CW: Dennoch ist die Frage nach dem Verkauf berechtigt. Die Töchter verwischen das klare Profil eines IT-Dienstleisters für Banken.

KRINGS: Das kann man sicher so sehen. Unser Kerngeschäft ist der IT-Betrieb für Banken. Deshalb haben wir klare Rahmenbedingungen für die Töchter geschaffen. Sie müssen zehn bis 15 Prozent organisches Wachstum erzielen und zehn Prozent vom Umsatz als Deckungsbeitrag erreichen. Die Tochtergesellschaften müssen sich selbst tragen. Es gibt keine Quersubventionierungen.

CW: Die Fusionsgespräche mit der GAD wurden im März 2006 abgebrochen. Gibt es neue Verhandlungen?

KRINGS: Wir stehen in permanentem Kontakt zur GAD. Wir arbeiten an gemeinsamen Projekten, und die gesamte genossenschaftliche Organisation bringt es mit sich, dass wir uns immer wieder treffen.

CW: Gibt es Fusionsgespräche?

KRINGS: Zurzeit nicht.

CW: Warum nicht? Die abgebrochenen Verhandlungen waren sehr weit fortgeschritten. Es schien, als seien nur noch Formalien zu klären.

KRINGS: Im Detail bestanden sehr unterschiedliche Auffassungen. Ich halte nichts von so genannten strategischen Zusammenschlüssen. Die Fusion muss Spareffekte bringen, geringere Betriebskosten, bessere Marktunterstützung oder eine schnellere und effizientere Softwareentwicklung. Der Dreh- und Angelpunkt ist das Bankverfahren. Ich halte den Zusammenschluss nicht nur für sinnvoll, sondern sogar für notwendig, nicht zuletzt wegen der Situation der Volksbanken und Raiffeisenbanken. Die Fiducia möchte die Fusion, und ich bin sicher, dass es wieder Gespräche geben wird.

CW: Die Erklärung nach den gescheiterten Gesprächen lautete, die Fiducia habe sich gesträubt.

KRINGS: So ist es dargestellt worden. Wir hatten ein Konzept von einem unabhängigen Beratungshaus vorliegen. Das ist von den Fiducia-Gremien nicht akzeptiert worden.

CW: Ist es an der Wahl des Kernbankensystems gescheitert?

KRINGS: Nicht in erster Linie.

CW: Warum brauchen die genossenschaftlichen IT-Dienstleister überhaupt die Fusion?

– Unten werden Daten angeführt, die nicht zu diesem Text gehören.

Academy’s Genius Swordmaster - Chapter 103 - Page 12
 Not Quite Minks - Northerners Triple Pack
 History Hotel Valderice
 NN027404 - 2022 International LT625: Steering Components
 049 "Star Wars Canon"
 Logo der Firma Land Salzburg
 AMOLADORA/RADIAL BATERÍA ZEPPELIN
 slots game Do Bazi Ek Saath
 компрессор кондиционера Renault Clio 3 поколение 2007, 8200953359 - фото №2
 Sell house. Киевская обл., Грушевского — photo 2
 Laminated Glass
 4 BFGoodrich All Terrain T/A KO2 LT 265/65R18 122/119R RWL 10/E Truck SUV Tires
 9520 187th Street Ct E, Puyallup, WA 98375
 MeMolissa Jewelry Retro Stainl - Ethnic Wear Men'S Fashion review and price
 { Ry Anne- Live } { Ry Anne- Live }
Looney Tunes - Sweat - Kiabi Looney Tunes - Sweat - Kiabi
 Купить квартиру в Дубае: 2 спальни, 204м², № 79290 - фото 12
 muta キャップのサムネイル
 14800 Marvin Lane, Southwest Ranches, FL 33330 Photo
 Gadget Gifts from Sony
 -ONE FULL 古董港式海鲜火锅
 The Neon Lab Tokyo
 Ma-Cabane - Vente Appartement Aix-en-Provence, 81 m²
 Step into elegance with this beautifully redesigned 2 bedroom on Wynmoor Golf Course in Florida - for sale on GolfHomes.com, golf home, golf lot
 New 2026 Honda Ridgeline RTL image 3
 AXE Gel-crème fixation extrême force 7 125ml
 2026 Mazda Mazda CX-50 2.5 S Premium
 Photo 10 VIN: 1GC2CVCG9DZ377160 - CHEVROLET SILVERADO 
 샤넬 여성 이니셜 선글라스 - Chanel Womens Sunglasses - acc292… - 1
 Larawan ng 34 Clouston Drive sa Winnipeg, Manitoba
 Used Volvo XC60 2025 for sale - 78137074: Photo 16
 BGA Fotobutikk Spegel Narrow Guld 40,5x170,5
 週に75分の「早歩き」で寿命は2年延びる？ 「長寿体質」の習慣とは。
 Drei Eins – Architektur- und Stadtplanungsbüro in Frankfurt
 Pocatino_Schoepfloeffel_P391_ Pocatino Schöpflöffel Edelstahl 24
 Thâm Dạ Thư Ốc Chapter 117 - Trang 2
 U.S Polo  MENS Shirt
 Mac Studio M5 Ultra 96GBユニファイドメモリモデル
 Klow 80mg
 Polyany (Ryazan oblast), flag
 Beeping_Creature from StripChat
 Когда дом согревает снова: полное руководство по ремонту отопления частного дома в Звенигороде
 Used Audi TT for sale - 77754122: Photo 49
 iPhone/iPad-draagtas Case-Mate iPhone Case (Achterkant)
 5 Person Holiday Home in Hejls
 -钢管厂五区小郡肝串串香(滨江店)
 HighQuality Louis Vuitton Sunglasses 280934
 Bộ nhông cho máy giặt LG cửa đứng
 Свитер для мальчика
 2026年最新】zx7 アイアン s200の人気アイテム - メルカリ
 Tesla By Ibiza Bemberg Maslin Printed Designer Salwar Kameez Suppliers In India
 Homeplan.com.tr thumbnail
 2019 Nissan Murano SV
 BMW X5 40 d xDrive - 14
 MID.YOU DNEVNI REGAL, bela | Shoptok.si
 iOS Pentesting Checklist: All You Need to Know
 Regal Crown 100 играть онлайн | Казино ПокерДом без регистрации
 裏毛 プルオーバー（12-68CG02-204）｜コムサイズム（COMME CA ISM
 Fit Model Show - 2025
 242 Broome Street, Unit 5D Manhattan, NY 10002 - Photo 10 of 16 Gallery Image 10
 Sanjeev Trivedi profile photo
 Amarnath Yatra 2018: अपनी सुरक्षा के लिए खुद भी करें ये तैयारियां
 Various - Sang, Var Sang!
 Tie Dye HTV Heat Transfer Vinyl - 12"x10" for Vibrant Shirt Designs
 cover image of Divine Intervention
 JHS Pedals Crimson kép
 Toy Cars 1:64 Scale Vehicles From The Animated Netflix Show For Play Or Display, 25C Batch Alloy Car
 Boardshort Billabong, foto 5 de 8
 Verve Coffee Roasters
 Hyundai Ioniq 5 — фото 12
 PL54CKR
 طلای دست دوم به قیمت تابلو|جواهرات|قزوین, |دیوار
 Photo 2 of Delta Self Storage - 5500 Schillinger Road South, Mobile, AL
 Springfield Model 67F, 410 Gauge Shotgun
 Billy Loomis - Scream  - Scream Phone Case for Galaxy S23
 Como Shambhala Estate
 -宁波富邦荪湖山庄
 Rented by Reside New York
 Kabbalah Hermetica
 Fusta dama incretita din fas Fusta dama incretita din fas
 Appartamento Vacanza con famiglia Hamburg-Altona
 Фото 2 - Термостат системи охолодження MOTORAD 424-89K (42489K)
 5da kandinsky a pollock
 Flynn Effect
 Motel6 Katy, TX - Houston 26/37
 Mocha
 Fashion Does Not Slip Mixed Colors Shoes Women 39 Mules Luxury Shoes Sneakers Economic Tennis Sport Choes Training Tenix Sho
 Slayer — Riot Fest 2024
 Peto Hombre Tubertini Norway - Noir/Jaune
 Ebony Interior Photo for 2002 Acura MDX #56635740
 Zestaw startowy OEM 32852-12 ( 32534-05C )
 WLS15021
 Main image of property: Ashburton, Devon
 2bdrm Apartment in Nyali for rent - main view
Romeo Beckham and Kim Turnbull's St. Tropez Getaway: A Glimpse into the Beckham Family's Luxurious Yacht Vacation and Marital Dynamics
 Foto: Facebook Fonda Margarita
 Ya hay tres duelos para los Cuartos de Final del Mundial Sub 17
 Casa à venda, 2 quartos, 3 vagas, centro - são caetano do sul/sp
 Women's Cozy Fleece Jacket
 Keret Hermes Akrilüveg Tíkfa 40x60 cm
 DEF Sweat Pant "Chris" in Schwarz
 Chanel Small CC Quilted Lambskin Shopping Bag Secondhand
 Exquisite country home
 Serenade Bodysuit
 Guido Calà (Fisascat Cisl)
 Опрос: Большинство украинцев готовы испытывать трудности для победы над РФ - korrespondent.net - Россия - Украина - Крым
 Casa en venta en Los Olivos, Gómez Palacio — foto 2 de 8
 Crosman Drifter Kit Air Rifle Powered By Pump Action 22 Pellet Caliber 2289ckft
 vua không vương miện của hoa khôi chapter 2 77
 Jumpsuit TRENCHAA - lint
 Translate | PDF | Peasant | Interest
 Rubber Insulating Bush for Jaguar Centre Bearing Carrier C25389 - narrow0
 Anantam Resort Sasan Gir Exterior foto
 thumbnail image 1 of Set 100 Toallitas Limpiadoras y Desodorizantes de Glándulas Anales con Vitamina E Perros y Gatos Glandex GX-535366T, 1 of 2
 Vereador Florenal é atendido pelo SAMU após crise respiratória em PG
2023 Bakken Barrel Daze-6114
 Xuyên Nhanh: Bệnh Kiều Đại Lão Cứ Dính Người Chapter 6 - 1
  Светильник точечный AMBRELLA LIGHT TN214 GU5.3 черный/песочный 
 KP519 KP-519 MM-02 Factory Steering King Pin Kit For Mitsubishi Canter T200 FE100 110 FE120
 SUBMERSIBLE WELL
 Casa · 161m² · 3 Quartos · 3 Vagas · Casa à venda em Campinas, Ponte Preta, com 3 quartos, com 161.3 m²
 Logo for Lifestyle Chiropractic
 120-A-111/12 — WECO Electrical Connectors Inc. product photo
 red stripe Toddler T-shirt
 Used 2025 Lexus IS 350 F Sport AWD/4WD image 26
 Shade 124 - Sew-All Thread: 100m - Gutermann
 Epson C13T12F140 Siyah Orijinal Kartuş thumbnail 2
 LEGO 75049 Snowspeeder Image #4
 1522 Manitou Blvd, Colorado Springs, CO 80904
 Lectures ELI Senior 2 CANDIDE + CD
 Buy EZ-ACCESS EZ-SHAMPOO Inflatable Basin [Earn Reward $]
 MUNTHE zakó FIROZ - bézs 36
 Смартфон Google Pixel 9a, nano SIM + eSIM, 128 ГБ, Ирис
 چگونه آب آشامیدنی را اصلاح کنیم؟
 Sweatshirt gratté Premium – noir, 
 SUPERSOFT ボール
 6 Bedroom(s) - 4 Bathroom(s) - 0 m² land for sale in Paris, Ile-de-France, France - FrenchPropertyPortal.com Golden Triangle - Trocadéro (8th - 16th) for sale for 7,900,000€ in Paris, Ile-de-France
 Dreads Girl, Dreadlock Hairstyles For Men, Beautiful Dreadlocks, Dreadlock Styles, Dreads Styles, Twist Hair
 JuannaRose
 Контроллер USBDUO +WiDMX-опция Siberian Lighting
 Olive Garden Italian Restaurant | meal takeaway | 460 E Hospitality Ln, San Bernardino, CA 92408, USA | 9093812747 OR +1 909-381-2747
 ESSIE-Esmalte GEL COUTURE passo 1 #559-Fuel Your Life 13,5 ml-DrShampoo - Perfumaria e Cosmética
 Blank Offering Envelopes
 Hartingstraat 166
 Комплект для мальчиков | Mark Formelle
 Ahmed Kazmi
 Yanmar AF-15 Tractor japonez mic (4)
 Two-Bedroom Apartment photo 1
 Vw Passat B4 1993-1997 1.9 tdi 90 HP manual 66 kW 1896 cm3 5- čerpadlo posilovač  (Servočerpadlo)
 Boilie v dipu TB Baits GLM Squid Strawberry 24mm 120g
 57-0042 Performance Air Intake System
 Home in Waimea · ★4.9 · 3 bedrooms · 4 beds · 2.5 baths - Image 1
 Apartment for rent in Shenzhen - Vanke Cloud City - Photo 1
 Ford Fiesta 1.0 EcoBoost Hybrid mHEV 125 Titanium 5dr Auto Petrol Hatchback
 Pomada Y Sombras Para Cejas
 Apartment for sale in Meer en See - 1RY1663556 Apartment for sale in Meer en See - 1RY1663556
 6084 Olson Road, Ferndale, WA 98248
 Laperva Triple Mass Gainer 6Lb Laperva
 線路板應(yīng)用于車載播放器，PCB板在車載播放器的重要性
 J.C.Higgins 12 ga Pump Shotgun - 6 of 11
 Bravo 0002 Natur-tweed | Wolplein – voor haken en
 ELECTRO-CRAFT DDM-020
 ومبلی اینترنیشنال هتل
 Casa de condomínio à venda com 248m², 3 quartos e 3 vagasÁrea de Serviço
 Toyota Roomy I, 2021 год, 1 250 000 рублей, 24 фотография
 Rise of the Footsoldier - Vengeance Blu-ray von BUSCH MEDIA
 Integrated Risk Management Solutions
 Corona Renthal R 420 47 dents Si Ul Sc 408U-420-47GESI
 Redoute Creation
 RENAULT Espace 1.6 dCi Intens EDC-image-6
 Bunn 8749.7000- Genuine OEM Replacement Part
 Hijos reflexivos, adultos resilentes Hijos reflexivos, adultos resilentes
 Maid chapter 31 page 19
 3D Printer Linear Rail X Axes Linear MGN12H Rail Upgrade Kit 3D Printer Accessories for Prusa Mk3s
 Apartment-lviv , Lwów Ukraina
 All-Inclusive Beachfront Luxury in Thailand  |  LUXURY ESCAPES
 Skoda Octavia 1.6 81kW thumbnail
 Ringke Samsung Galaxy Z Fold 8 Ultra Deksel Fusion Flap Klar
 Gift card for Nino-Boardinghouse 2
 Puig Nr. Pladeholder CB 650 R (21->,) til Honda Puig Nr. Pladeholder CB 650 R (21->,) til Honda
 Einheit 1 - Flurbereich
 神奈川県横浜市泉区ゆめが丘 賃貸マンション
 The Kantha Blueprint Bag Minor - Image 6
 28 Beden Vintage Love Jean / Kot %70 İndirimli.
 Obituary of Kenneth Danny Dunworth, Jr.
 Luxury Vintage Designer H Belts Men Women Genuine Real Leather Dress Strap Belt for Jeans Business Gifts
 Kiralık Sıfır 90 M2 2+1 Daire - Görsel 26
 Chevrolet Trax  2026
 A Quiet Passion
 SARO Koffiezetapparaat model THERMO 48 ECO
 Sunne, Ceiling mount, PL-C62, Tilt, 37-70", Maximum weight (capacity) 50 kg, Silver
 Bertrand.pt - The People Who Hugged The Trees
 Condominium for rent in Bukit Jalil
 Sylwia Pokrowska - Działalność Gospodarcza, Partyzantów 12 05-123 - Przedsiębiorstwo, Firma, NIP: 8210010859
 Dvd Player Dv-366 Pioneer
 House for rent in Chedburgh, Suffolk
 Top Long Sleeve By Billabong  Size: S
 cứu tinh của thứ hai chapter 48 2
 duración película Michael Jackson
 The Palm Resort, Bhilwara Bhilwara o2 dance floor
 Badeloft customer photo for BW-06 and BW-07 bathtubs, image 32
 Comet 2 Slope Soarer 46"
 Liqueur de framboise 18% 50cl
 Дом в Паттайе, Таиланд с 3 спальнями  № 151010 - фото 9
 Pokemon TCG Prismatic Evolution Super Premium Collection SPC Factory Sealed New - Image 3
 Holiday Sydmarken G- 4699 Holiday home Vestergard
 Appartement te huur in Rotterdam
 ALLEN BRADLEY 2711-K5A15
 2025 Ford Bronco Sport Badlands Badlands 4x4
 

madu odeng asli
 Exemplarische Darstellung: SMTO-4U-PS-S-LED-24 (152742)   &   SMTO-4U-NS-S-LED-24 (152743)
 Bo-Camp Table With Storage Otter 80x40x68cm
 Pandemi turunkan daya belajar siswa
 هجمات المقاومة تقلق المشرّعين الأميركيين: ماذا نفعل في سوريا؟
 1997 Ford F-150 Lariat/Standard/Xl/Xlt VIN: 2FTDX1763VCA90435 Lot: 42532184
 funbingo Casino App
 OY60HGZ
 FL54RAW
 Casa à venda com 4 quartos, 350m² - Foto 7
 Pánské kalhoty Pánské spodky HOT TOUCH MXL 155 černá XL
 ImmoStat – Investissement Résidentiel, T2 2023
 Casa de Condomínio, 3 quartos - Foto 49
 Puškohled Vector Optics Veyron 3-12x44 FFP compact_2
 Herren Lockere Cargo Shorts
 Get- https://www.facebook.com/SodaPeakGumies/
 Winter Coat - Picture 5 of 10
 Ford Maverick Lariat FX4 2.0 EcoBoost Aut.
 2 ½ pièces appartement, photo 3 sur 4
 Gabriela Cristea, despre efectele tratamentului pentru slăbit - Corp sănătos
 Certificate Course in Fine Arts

KRINGS. Aus Kosten- und Effizienzgründen. Wir machen und haben heute alles doppelt, etwa den Rechenzentrumsbetrieb und die Entwicklung. Wir könnten erhebliche Synergien schaffen und zu deutlich geringeren Kosten arbeiten. Ferner haben die letzten zwei IT-Dienstleister der Sparkassen ihre Fusion beschlossen und uns gegenüber damit Skalenvorteile.

CW: Gibt es Anstrengungen zu neuen Verhandlungen?

KRINGS. Ich hoffe.

CW: Drängt der genossenschaftliche Dachverband?

KRINGS: Das Thema steht sicher auf der Tagesordnung. Aber das Beispiel der gescheiterten Fusion zwischen der DG Hyp und der Münchner Hypothekenbank zeigt: Obwohl ein Zusammenschluss wirtschaftlich sinnvoll gewesen wäre, ist es dazu letzten Endes nicht gekommen. Ich halte die Fusion mit der GAD für wichtig und richtig, aber wir sind abhängig von den Gremien.

CW: Ist ein Zusammenschluss mit einem IT-Dienstleister der Sparkassenbranche möglich?

KRINGS: Es gibt ein sehr erfolgreiches Beispiel einer Kooperation zwischen genossenschaftlichen und öffentlich-rechtlichen Banken: Das ist die dwp Bank. Sie betreibt die Wertpapierabwicklung für die beteiligten Finanzinstitute und konnte auch Privatbanken als Kunden gewinnen. Warum sollte etwas Ähnliches nicht auch in anderen Segmenten vorstellbar sein?